Awe before the Holy: In Search of a Normative Perspective for the Ethics of Bible Translation
Abstract
According to John Frame (The Doctrine of the Christian Life, 2008), robust ethical decisions involve, at the least, three different perspectives: normative, situational, and personal/existential, like three legs of the ethical stool. Translators, consultants, and review committees involved in Bible translation, are often faced with the ethical dilemma of how much their own theology influences their translation and how much the text influences their own theology. Given the past century's tectonic shifts in epistemology, it is perhaps unsurprising that the most difficult of these ethical perspectives to identify and to incorporate is the normative perspective. In her recent article about quality in translation, Alice Reed (2024) wrestles with this ethical dilemma. From the normative perspective, Reed appeals to Nord's idea of "loyalty" and also to Tymoczko's "self-reflexivity" as pathways to providing some deontological structure for the translators. While both of these options are promising for providing an external and normative perspective for the translator's consideration, both "loyalty" and "self-reflexivity" require intimate knowledge of the source texts, otherwise they meld into community-based (situational) or subjective (existential) perspectives. So I propose that translators should be trained in Biblical theology, in order to begin to see both the theological themes that run through the entire Bible and the individual concerns of each book.
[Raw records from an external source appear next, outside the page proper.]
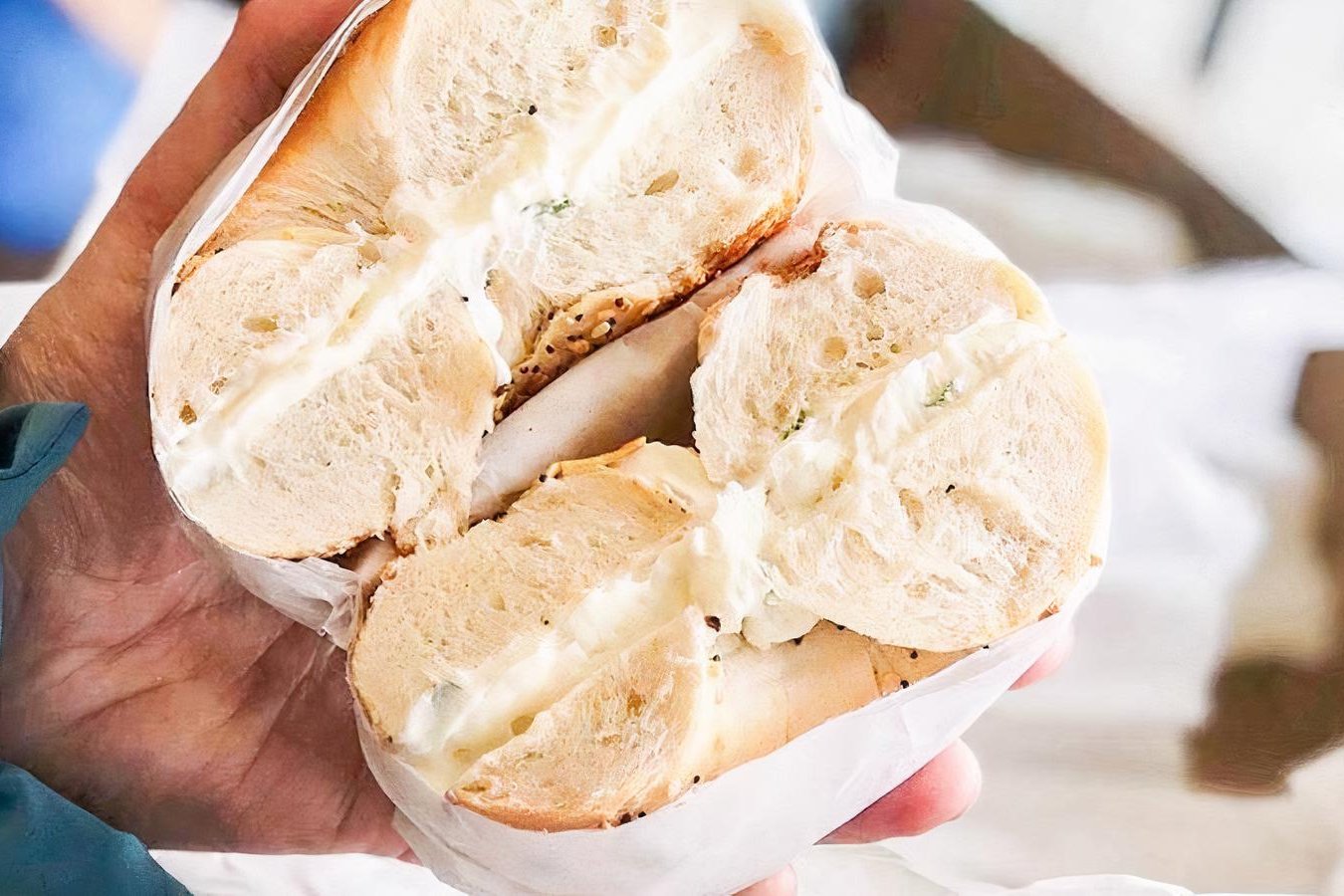 Order Plain Bagel food online from Stan's Donuts Damen store, Chicago on bringmethat.com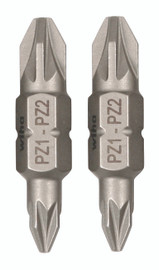 Wiha 77710 - Pozidriv® Double End Bit 2 Pack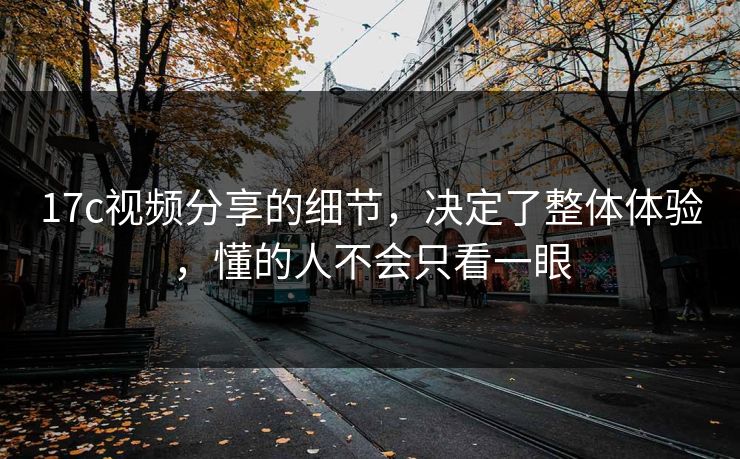17c视频分享的细节，决定了整体体验，懂的人不会只看一眼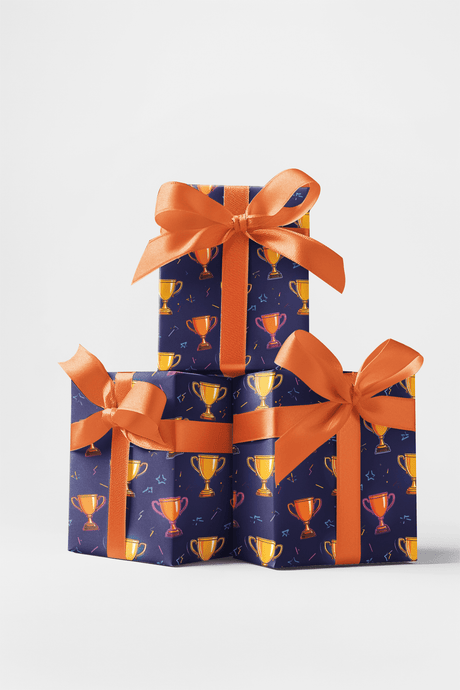 Victory Trophy Surge Glossy Wrapping Paper - London Penny Gift Wrap
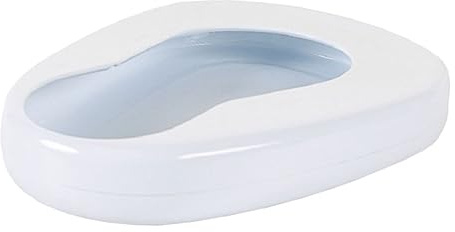 Mikinona Tragbares Urinal Bettpfanne Aus Langlebigem Emaille Material Glatte Oberfläche Ergonomisch Für Bettlägerige Männer Frauen Flüssigkeitsdicht Leicht Zu Reinigen Bequemes Schlafstuhl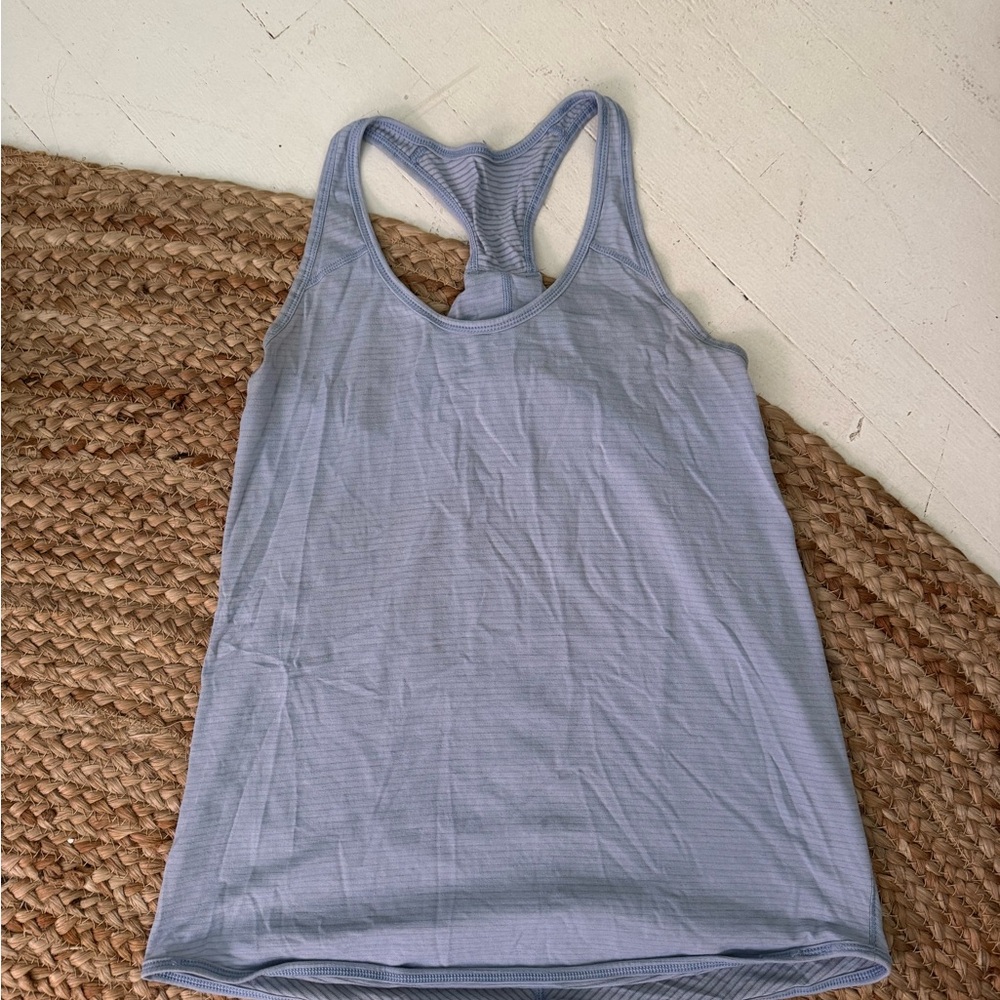 Women's Lululemon Light Blue Racerback Tank Top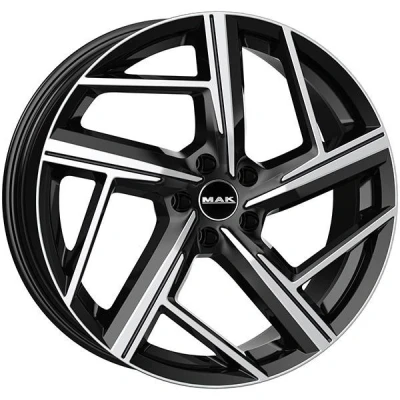 Bild av MAK Qvattro Black Polished 8.5x20 5/112 ET20 B66.5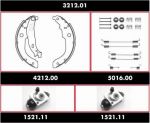 Remsa SPK 3212.01 комплект тормозов, барабанный тормозной механизм на PEUGEOT 207 (WA_, WC_)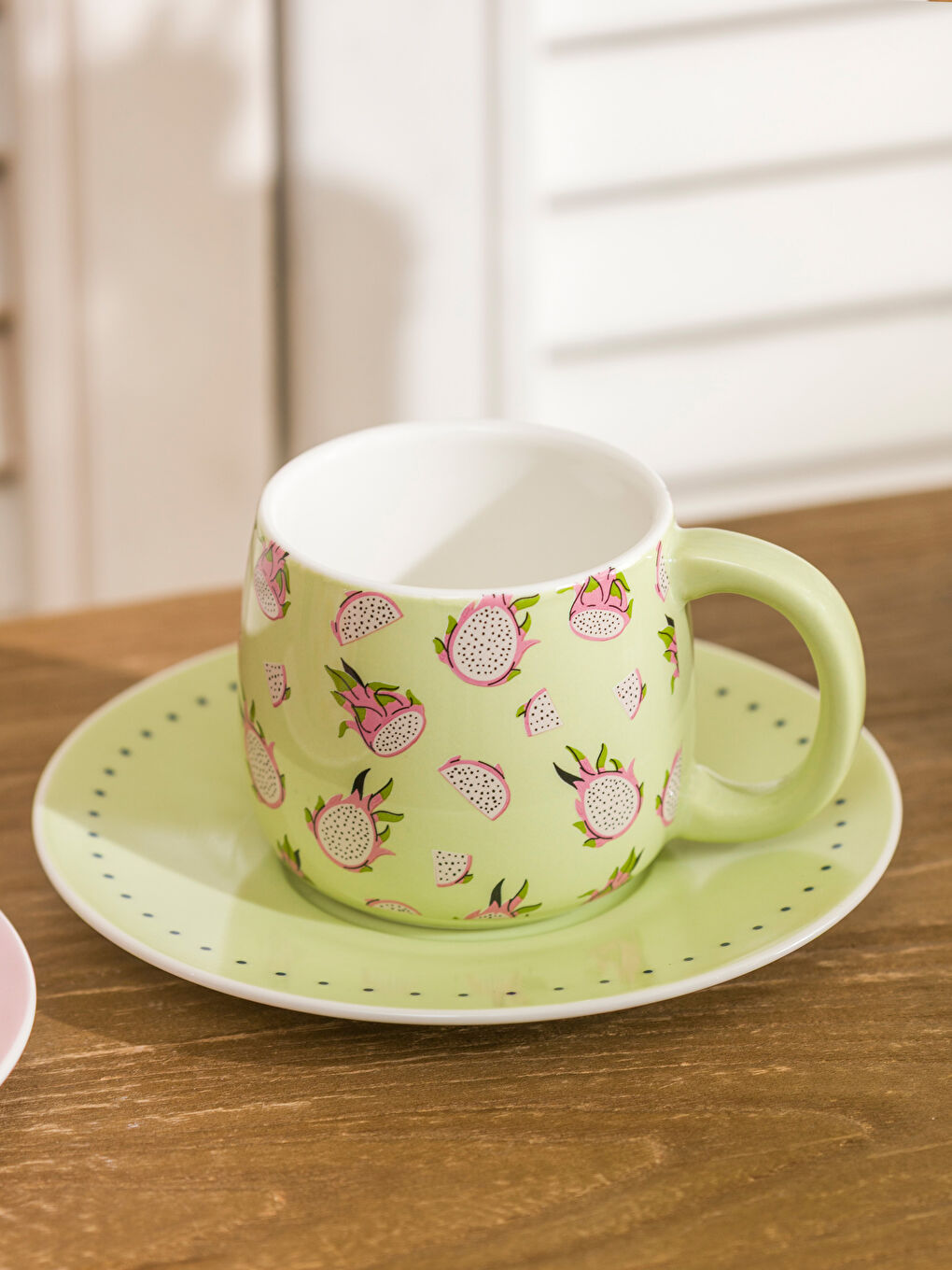 Karışık Baskılı 2 Kişilik Porselen Kahve Fincan Takımı 90 ml-1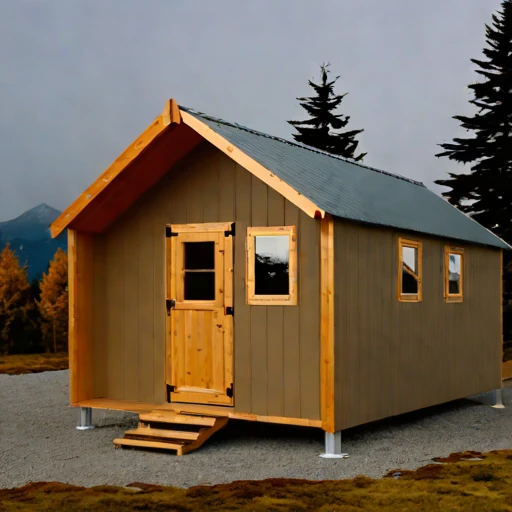 A tidal-race pilot cottage, photographed against a plain background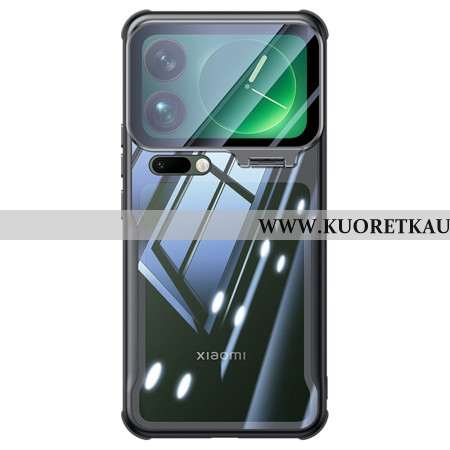 Kuori Xiaomi 17 Pro Läpinäkyvä Integroitu Jalusta Ja Kameran Suojaus Suojakuori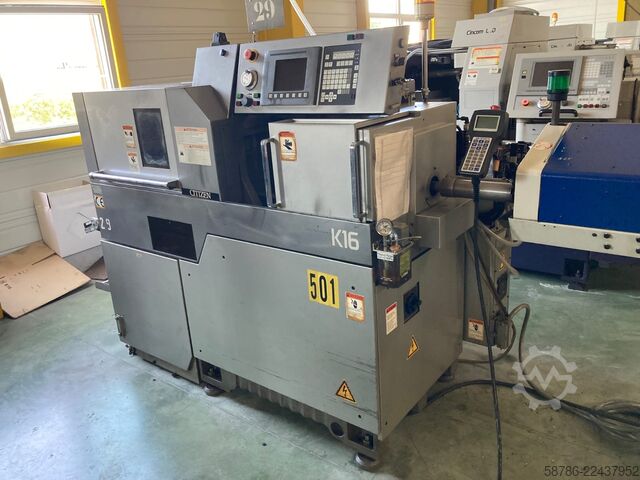 Swiss-type automatic lathe CITIZEN K16 VII P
In the past, following the principles of dynamic-equivalence, translators have inadvertently rendered unrecoverable some key Biblical theological terms, effectively erasing inter-textual links that could help orient the audience. It is my contention that translators should feel a certain awe before the holy as they grapple with their own worldview and that of Scripture in order to communicate with a contemporary audience. This struggle is precisely what is necessary to ensure a normative perspective in the ethical decisions that translators unavoidably face.